Records supplied: Begin
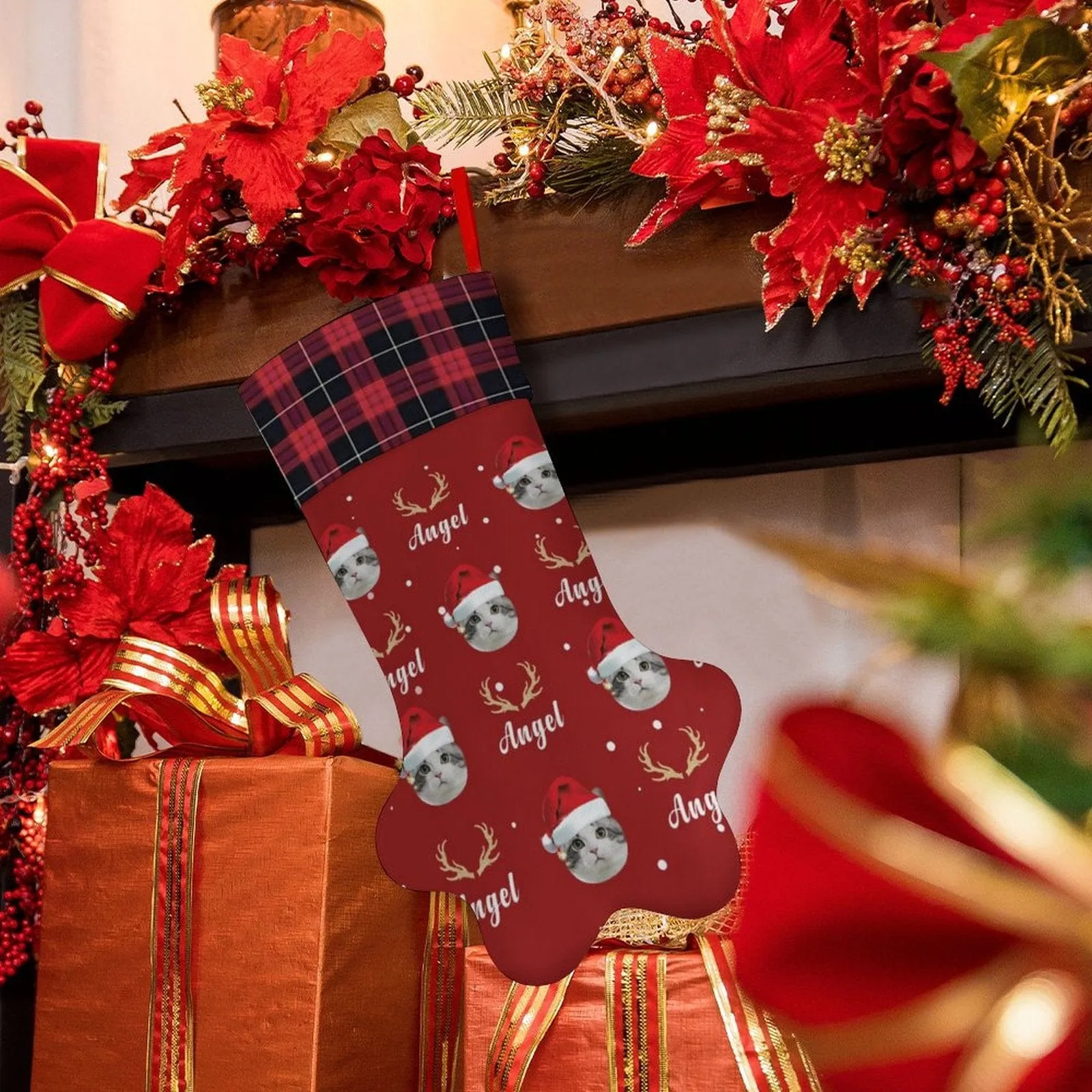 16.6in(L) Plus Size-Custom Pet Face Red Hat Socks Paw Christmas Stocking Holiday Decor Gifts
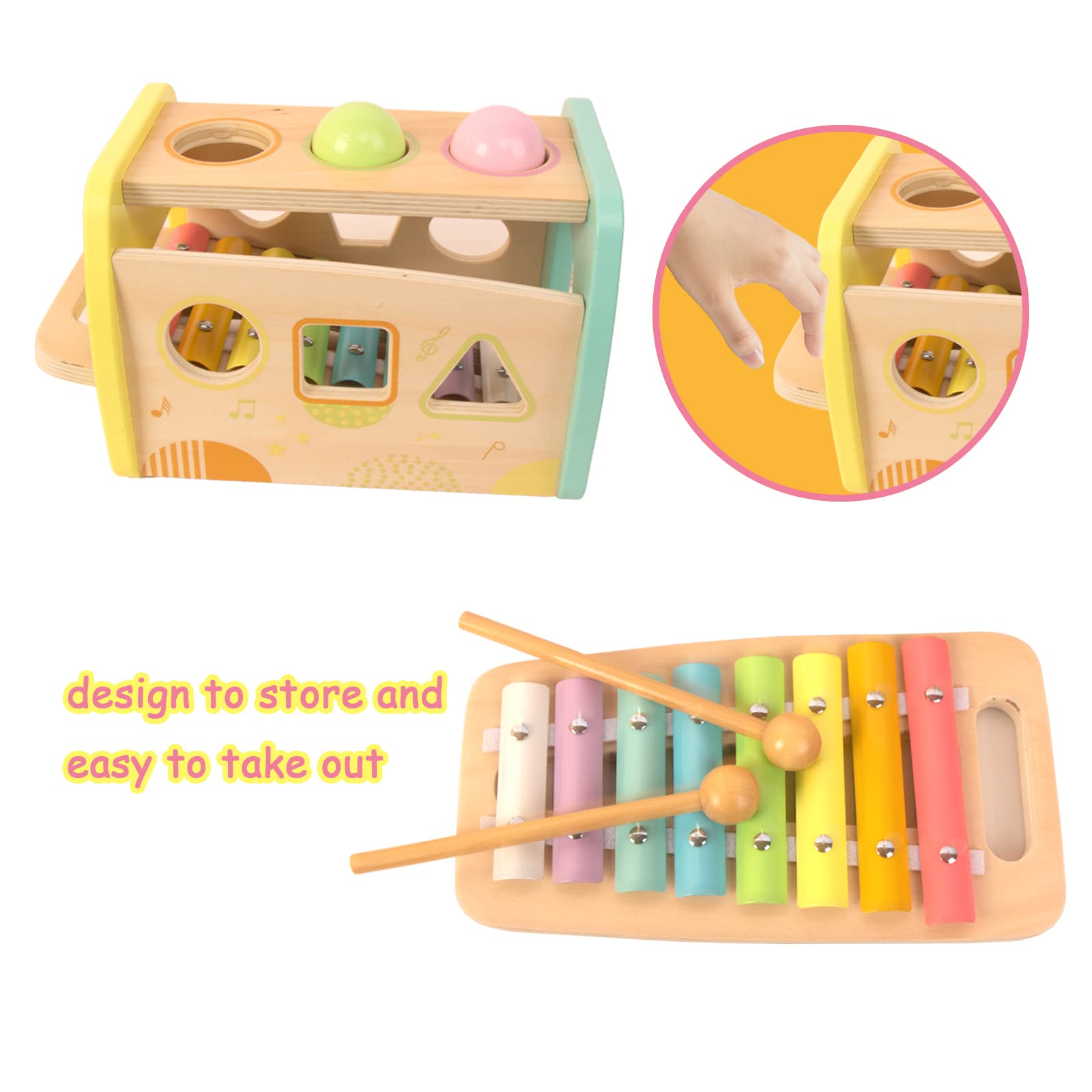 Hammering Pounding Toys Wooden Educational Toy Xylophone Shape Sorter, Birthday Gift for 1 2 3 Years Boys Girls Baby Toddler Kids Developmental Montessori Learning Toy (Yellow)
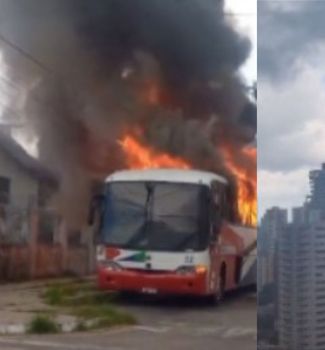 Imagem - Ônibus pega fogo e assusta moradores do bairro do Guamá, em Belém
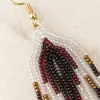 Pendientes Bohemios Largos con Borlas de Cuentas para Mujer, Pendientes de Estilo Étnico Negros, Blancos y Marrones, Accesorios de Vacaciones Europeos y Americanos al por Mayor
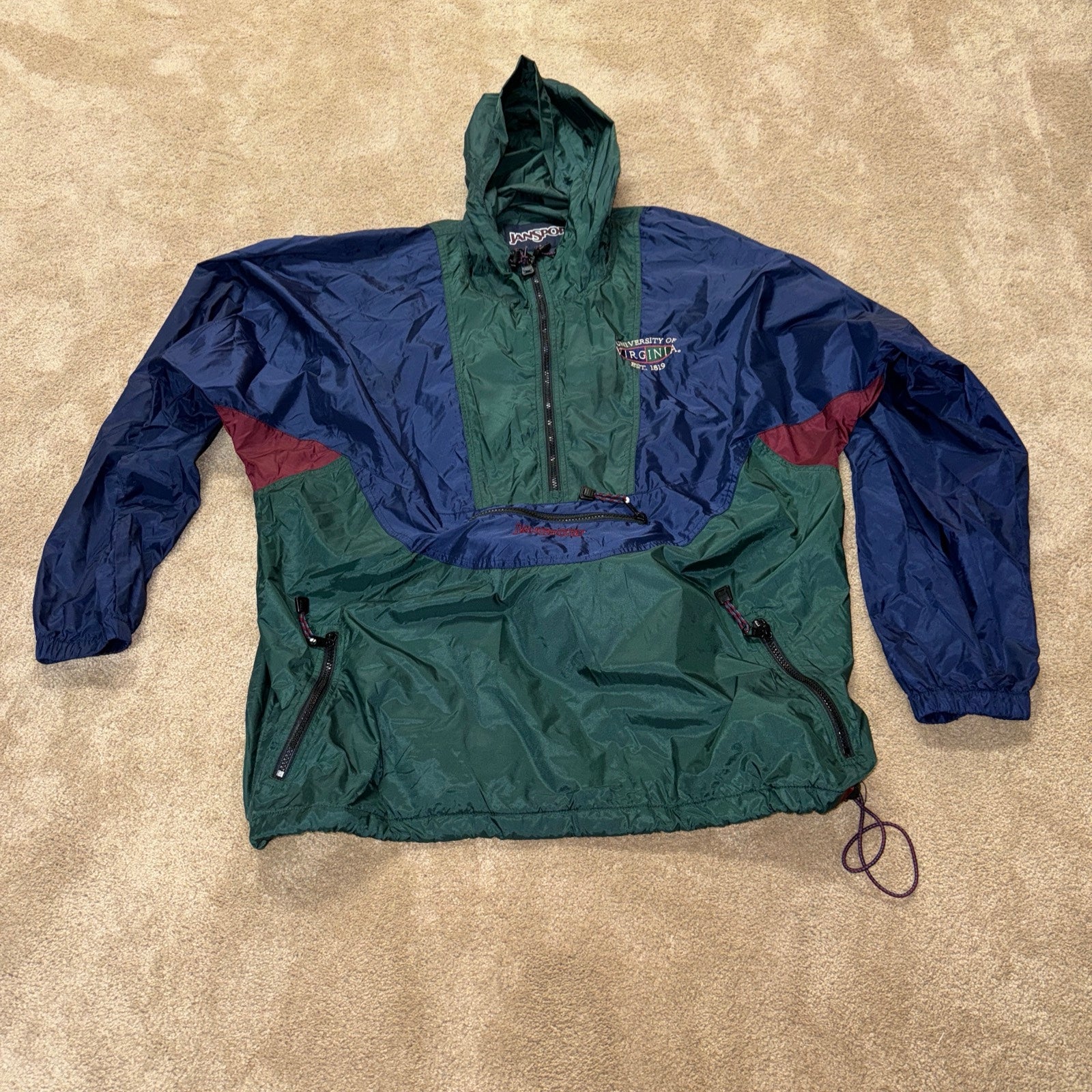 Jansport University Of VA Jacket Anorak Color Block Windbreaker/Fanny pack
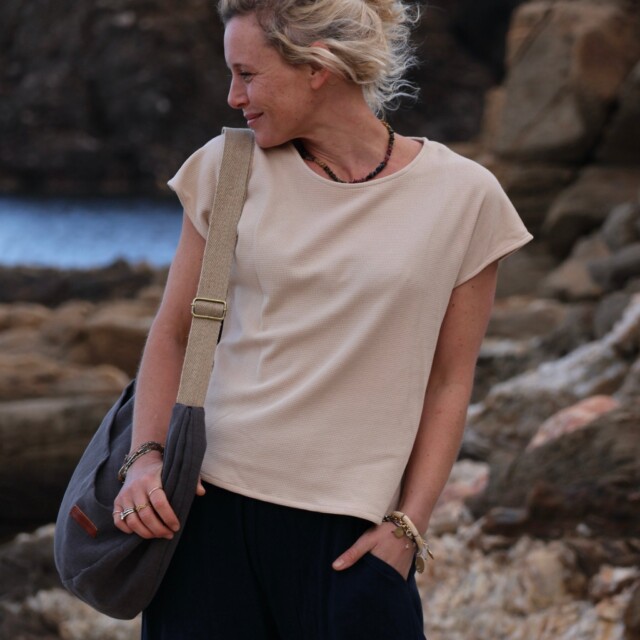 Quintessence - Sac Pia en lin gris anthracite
Records supplied: End
Task instructions —
Give the entries again word for word, but skip the pictures.

Exercise answer —
 16.6in(L) Plus Size-Custom Pet Face Red Hat Socks Paw Christmas Stocking Holiday Decor Gifts
 Hammering Pounding Toys Wooden Educational Toy Xylophone Shape Sorter, Birthday Gift for 1 2 3 Years Boys Girls Baby Toddler Kids Developmental Montessori Learning Toy (Yellow)
 Imagem - Ônibus pega fogo e assusta moradores do bairro do Guamá, em Belém
 Pendientes Bohemios Largos con Borlas de Cuentas para Mujer, Pendientes de Estilo Étnico Negros, Blancos y Marrones, Accesorios de Vacaciones Europeos y Americanos al por Mayor
 Jansport University Of VA Jacket Anorak Color Block Windbreaker/Fanny pack
 Quintessence - Sac Pia en lin gris anthracite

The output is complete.